Automakers don’t need a nickelgate | Hotter on metals

Ever since the emissions scandal roiled Volkswagen in 2015, OEMs have been acutely aware of the need to protect their reputations and toe the ESG line

Now the auto industry is facing another predicament – where to sustainably source its nickel from.

The sector has been busy pushing the development of electric vehicles (EVs), which require raw materials such as nickel for their batteries.

That nickel is produced in Indonesia, the world’s largest producer by far, with a million tonnes of mined output last year according to US Geological Survey data.
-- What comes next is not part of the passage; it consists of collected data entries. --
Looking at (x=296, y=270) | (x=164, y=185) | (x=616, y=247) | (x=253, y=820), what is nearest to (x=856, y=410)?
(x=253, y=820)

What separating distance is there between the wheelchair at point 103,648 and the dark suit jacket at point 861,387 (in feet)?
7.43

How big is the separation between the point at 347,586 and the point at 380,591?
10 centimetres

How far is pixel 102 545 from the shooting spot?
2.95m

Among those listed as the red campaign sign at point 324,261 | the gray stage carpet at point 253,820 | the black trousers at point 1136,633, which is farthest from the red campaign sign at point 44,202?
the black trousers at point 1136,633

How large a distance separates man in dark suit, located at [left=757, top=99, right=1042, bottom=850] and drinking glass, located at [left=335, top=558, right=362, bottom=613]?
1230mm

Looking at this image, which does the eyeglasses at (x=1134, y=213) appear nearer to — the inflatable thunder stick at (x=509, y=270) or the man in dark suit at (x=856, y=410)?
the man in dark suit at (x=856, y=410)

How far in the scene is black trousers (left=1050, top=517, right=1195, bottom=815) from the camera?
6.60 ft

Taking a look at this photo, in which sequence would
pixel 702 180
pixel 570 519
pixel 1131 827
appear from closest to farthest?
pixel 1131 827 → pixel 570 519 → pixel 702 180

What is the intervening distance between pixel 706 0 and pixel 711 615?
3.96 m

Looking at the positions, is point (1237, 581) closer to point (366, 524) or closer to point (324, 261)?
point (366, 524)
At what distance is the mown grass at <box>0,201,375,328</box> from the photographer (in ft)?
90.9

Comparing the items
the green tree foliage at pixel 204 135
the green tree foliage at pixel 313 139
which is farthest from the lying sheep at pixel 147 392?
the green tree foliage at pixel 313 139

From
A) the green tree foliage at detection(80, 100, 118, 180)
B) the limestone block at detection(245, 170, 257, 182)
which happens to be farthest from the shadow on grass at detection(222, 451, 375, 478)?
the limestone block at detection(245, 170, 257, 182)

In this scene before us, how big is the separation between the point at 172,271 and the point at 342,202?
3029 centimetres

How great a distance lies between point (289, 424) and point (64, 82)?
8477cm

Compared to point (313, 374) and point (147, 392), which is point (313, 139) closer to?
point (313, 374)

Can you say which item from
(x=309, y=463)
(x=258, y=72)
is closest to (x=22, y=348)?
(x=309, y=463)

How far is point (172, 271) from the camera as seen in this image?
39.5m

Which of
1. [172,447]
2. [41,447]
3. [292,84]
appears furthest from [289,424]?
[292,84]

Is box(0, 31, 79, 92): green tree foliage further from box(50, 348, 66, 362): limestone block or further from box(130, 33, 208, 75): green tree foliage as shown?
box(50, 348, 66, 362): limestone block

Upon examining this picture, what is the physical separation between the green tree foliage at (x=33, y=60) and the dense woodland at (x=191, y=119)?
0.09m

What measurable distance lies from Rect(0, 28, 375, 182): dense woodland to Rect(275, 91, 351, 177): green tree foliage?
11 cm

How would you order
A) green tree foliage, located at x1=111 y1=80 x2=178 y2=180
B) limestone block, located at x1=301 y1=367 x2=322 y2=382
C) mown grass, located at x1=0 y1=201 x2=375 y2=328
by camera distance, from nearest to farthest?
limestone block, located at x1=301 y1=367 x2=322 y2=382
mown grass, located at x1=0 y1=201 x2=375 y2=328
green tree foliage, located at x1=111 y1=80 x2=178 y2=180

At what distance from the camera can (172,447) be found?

It’s also produced in the Philippines, with 390,000 tonnes mined in 2021, as well as in Russia (250,000 tonnes), New Caledonia (190,000 tonnes), Australia (160,000 tonnes) and Canada (130,000 tonnes).

There’s nickel around, but whether it meets the strict environmental, social and governance (ESG) criteria to enable automakers to say their batteries are sustainably and responsibly produced is another question.

It’s not clear what auto original equipment manufacturers’ (OEMs) policies have been towards nickel produced in Russia by mining giant Norilsk Nickel since the country invaded Ukraine earlier this year.

Unlike crude oil and refined petroleum products, Russian-produced nickel hasn’t been sanctioned, allowing its use in the production of batteries to continue.

This hasn’t yet attracted the ire of investors, but it’s probably only a matter of time before there are calls for automakers to halt its use, just as they have stopped investing in Russian car plants since the aggression against Ukraine began.

While this in theory leaves a sizeable enough portion of nickel in the market for OEMs to turn, the call by over 50 non-governmental organizations this week for Tesla to halt the use of Indonesian nickel and stop any plans for investment in the country may well severely narrow that gap.

The letter cites environmental and community damage caused by nickel mining, which, sadly, is not something new to the sector.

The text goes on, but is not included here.